** The data **

--- START ---

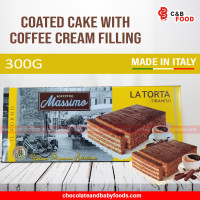 Maestro Massimo Latorta Coated Cake with Coffee Cream Filling 300G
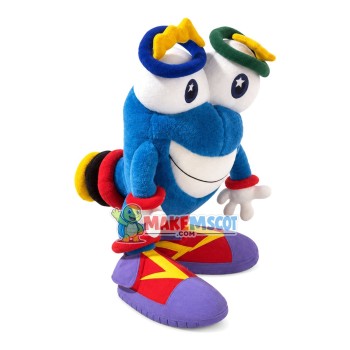 Bigfoot Blue Circle Doll Cartoon Mascot Costume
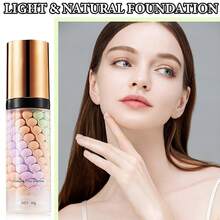 3-Color Rainbow Isolating Cream, Hydrating, Lightweight And Skin-Friendly, Nourishing Skin Concealing Primer, Naturally Corrects Skin Tone, Evenly Brightens Complexion - Multicolor - View 2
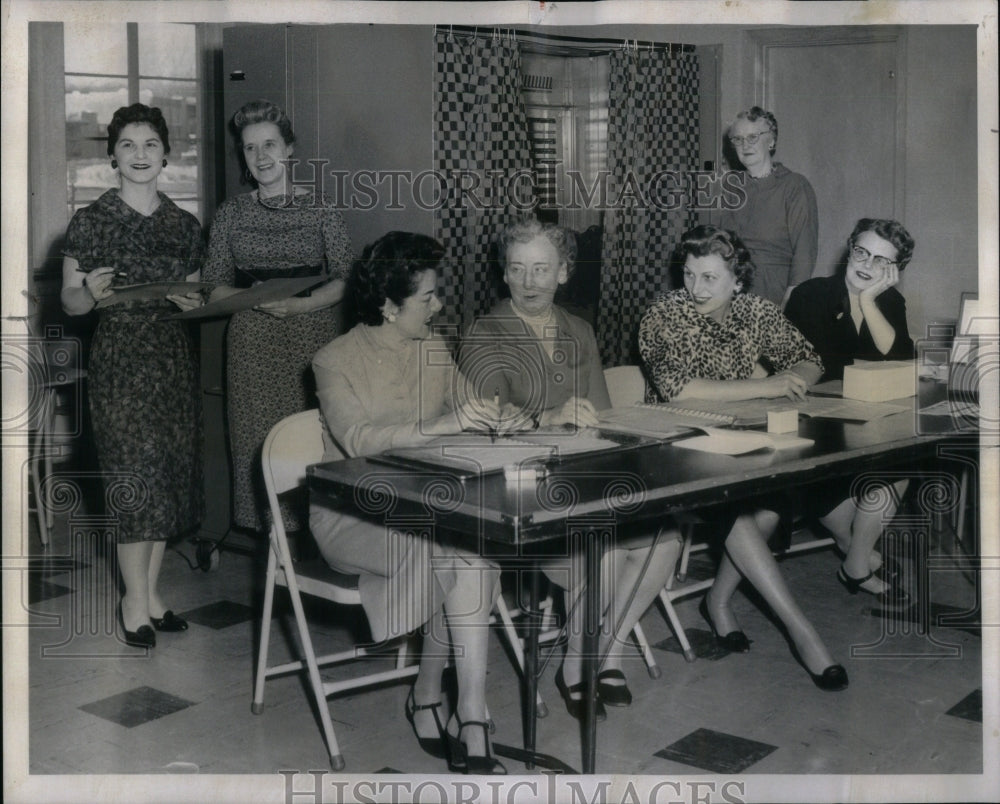 1959 Poll Watchers Judges Clerks Polling-Historic Images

--- END ---

** Task instructions **
Transcribe exactly, and without any pictures, each line from the one that holds "Bigfoot Blue Circle" through the final line of the material above.

** Result of the exercise **
 Bigfoot Blue Circle Doll Cartoon Mascot Costume
 3-Color Rainbow Isolating Cream, Hydrating, Lightweight And Skin-Friendly, Nourishing Skin Concealing Primer, Naturally Corrects Skin Tone, Evenly Brightens Complexion - Multicolor - View 2
 1959 Poll Watchers Judges Clerks Polling-Historic Images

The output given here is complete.